Transformations in a SAS Data Integration Studio
job can produce the following types of intermediate files:
-
procedure utility files that are
created by the SORT and SUMMARY procedures when these procedures are
used in the transformation
-
transformation temporary files
that are created by the transformation as it is working
-
transformation output tables that
are created by the transformation when it produces its result; the
output for a transformation becomes the input to the next transformation
in the flow
By default, procedure
utility files, transformation temporary files, and transformation
output tables are created in the WORK library. You can use the -WORK
invocation option to force all intermediate files to a specified location.
You can use the -UTILLOC invocation option to force only utility files
to a separate location.
Knowledge of intermediate
files helps you to perform the following tasks:
-
View or analyze the output tables
for a transformation and verify that the output is correct.
-
Estimate the disk space that is
needed for intermediate files.
These intermediate files
are usually deleted after they have served their purpose. However,
it is possible that some intermediate files might be retained longer
than desired in a particular process flow. For example, some user-written
transformations might not delete the temporary files that they create.

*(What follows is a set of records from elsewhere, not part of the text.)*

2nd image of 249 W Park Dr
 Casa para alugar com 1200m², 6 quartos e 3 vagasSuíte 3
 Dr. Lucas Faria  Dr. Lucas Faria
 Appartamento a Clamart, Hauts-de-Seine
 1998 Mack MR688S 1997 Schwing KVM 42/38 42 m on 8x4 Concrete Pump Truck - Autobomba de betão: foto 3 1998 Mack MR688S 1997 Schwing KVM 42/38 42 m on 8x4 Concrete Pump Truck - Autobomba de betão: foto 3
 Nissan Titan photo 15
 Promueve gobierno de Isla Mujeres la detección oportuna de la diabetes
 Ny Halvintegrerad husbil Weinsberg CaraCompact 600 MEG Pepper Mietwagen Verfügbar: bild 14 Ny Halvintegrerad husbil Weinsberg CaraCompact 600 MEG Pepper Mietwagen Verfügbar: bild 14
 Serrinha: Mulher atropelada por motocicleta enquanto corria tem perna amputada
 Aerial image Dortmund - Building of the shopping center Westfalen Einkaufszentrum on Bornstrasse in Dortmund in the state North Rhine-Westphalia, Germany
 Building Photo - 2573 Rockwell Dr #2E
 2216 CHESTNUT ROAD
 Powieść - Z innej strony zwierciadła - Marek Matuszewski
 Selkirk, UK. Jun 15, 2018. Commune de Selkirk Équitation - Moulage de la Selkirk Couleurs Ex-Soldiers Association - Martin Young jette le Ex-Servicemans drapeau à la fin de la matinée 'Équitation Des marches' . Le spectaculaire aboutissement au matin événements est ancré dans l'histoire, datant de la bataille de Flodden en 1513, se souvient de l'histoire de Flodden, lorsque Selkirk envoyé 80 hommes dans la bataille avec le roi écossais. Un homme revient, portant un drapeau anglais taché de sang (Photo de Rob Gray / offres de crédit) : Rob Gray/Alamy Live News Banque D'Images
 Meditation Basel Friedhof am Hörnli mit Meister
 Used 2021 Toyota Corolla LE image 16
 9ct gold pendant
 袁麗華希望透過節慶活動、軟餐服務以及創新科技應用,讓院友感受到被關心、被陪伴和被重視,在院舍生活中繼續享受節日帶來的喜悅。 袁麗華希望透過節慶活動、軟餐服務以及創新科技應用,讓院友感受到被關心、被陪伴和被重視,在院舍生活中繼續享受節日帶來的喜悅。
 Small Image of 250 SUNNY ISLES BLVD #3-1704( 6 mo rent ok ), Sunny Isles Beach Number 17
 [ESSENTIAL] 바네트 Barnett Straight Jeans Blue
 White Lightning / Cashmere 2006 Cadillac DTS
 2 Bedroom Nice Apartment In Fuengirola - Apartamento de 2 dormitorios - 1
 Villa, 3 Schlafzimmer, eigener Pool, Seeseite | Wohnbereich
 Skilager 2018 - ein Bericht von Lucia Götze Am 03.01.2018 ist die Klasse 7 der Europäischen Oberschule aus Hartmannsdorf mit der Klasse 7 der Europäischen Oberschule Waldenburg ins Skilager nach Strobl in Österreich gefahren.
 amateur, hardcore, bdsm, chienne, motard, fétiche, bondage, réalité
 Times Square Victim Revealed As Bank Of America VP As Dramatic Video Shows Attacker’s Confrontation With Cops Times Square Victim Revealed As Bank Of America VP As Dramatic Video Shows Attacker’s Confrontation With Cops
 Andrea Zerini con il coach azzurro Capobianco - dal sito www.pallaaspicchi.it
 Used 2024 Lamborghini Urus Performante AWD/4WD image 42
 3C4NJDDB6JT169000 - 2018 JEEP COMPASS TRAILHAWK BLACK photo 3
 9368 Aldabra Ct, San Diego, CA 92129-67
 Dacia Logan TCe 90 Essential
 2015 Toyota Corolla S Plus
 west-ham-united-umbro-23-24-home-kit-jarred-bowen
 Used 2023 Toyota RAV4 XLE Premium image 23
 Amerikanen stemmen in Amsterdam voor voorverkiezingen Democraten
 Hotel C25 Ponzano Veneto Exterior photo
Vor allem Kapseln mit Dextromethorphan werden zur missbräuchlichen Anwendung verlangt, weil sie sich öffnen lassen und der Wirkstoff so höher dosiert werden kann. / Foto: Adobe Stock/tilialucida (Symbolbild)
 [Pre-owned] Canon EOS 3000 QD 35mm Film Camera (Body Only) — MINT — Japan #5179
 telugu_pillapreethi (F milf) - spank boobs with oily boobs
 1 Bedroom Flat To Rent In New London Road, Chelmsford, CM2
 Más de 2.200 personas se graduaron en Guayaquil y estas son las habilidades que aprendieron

Utility files are deleted by the SAS procedure that created them. Transformation temporary
files are deleted by the transformation that created them. When a SAS Data Integration
Studio job is executed in batch, transformation output tables are deleted when the
process flow
ends or the current server session ends.
When a job is executed interactively in SAS Data Integration Studio, transformation
output tables
are retained until the Job Editor window is closed or the current server session is
ended in some other way (for example, by selecting
ActionsStop from the menu. For information about how transformation
output tables can be used to debug the transformations in a job, see
Reviewing Temporary Output Tables. However, as
long as you keep the job open in the Job Editor window, the output
tables remain in the WORK library on the SAS Workspace Server that
executed the job. If this is not what you want, you can manually delete
the output tables, or you can close the Job Editor window and open
it again, which will delete all intermediate files.
Here is a post-processing
macro that can be incorporated into a process flow. It uses the DATASETS
procedure to delete all data sets in the Work library, including any
intermediate files that have been saved to the Work library.
%macro clear_work;
%local work_members;
proc sql noprint;
select memname
into :work_members separated by ","
from dictionary.tables
where
libname = "WORK" and
memtype = "DATA";
quit;
data _null_;
work_members = symget("work_members");
num_members = input(symget("sqlobs"), best.);
do n = 1 to num_members;
this_member = scan(work_members, n, ",");
call symput("member"||trim(left(put(n,best.))),trim(this_member));
end;
call symput("num_members", trim(left(put(num_members,best.))));
run;
%if &num_members gt 0 %then %do;
proc datasets library = work nolist;
%do n=1 %to &num_members;
delete &&member&n
%end;
quit;
%end;
%mend clear_work;
%clear_work
Note: The previous macro deletes
all data sets in the Work library.
The transformation output tables for a process flow remain until the SAS session that
is associated with the flow is terminated. Analyze the process flow and determine
whether there are output tables that are not being used (especially if these tables
are large). If so, you can add transformations to the flow that deletes these output
tables and free up valuable disk space and memory. For example, you can add a
generated transformation that deletes output tables at a certain point in the flow. For details about generated
transformations, see
Creating and Using a Generated Transformation.